Launched earlier this year, the program at the U.S. Department of Transportation is already diverting approximately 5 tons of food waste per month from the landfill, sending it instead to Veteran Compost, a company that employs veterans and their family members to turn food scraps into high-quality compost.
David Troust, Great Forest’s V.P. of Business Development, had heard about the company and sat down with its founder, Justen Garrity, an Iraq vet, for coffee and a chat about ways to work together.
“When he could not find a job, he created one for himself and fellow vets. This is not only inspiring, but very practical as well. His company is filling a need in the region for composting facilities,” says David. “They have become one of our go-to compost vendors.”
Veteran Compost’s Maryland facility produces about 10,000 cubic yards of finished compost each year that is approved for use on organic farms. Their Virginia facility processes 3-5 tons of food scraps per day.
“We operate the only permitted commercial food scrap composting sites in the region,” says Justen, “… and we offer a clean bin swap each time.”
That clean bin service, notes David, is a big plus, especially for buildings and businesses that are under the mistaken impression that the process is unsightly and messy.
“We always remind clients that adding a composting program will not significantly impact their surroundings. If their current waste and recycling is collected, stored and removed properly, their organic waste for composting will be too,” says David.
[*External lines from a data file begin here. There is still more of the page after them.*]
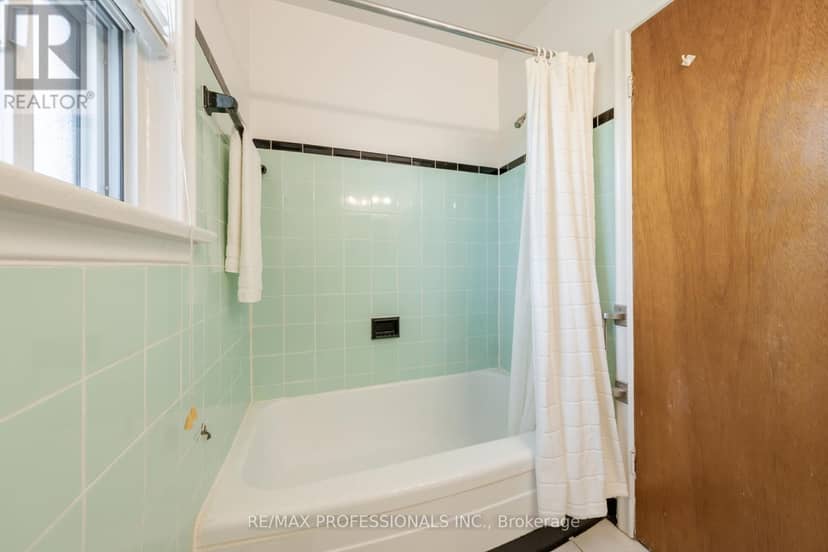 228 Eileen Avenue — photo 21 of 35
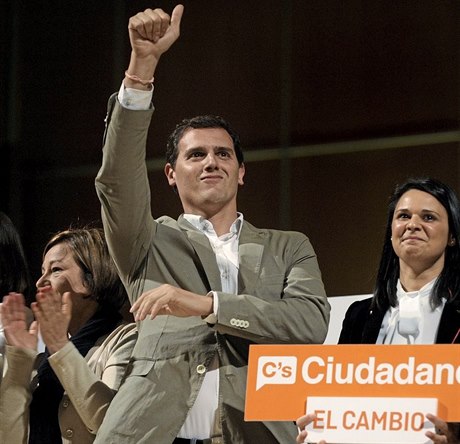Uspjeme! éf strany Ciudadanos Albert Rivera zdraví své stoupence na...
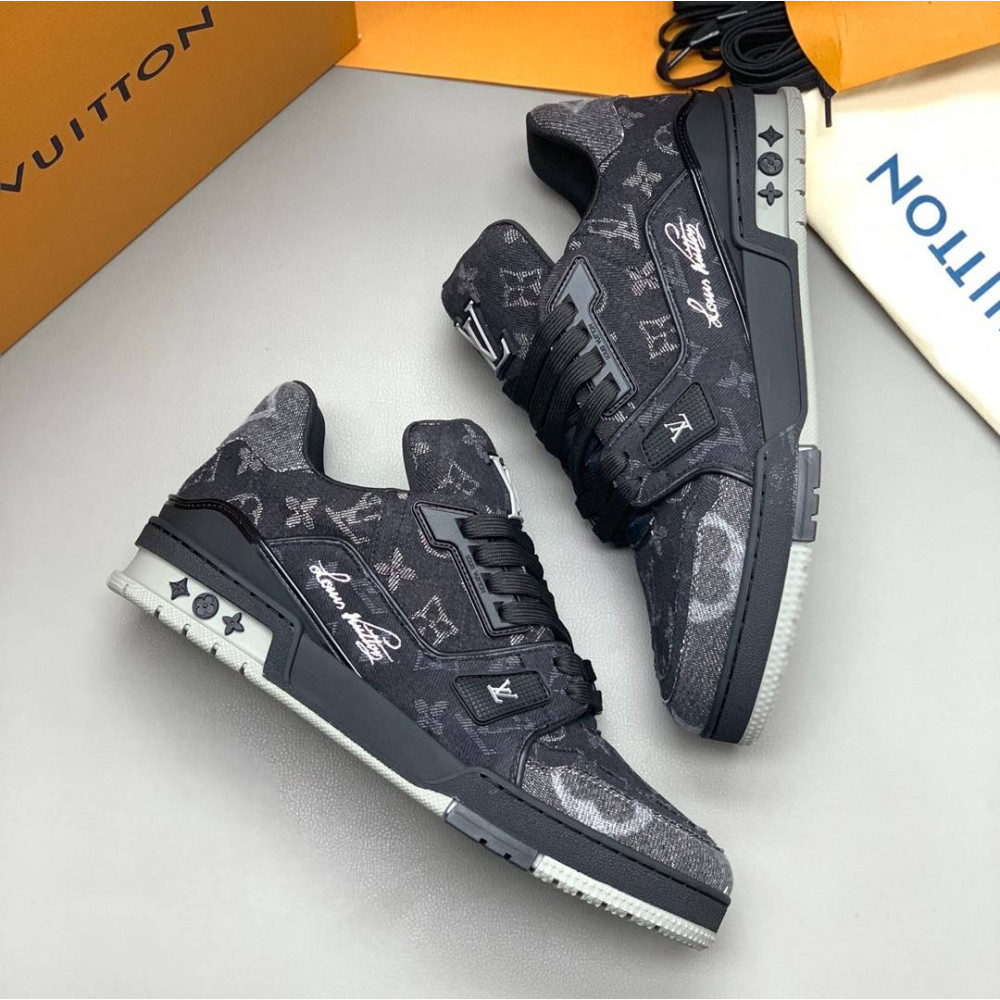 LV Trainer Sneaker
“For clients that are serious about recycling, composting is a MUST to reach those sustainability goals,” adds David. “This is one way we are moving towards zero waste.”
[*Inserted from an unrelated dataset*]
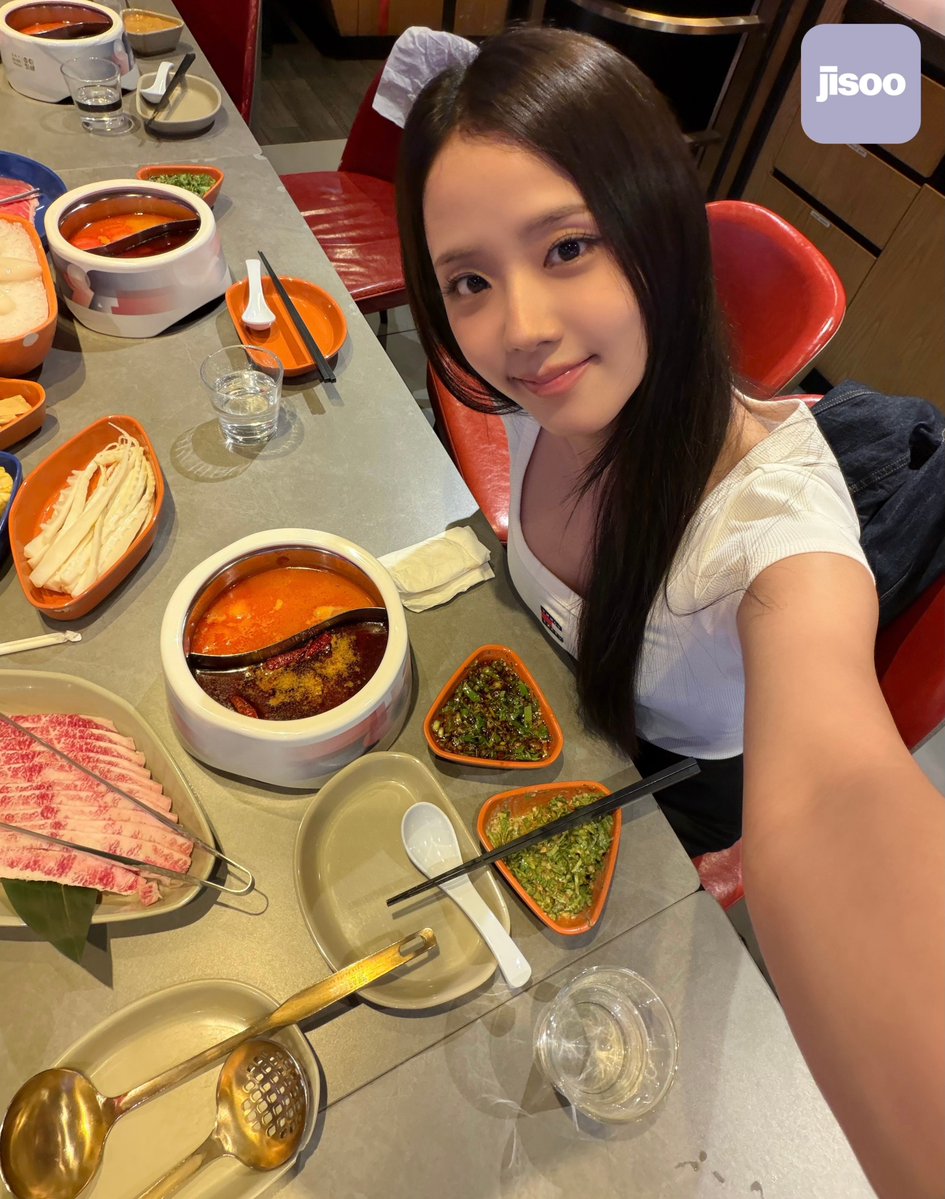 ForeverKimJisoo's tweet photo. https://t.co/9zKumLvYu9 update 🧸

"I should send you my happy memories from New York"

"Hot pot I ate by squeezing in time I didn't have" https://t.co/2cEVJC61Wo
More Programs Launching Soon
A second program that feeds Veteran Compost was launched by Great Forest at 2121 and 2115 Wisconsin Avenue, buildings managed by JBG/Commercial Management, LLC that houses multiple tenants, including a deli and office pantries on each floor.
Plans are underway to install new composting programs over the next few months in at least seven other JBG buildings, with support from property managers like Samantha Ralli and the sustainability manager Jessica Long.
The organic material collected will be again be directed to Veteran Compost to fuel farms, the environment, and most importantly, veterans going from combat to compost.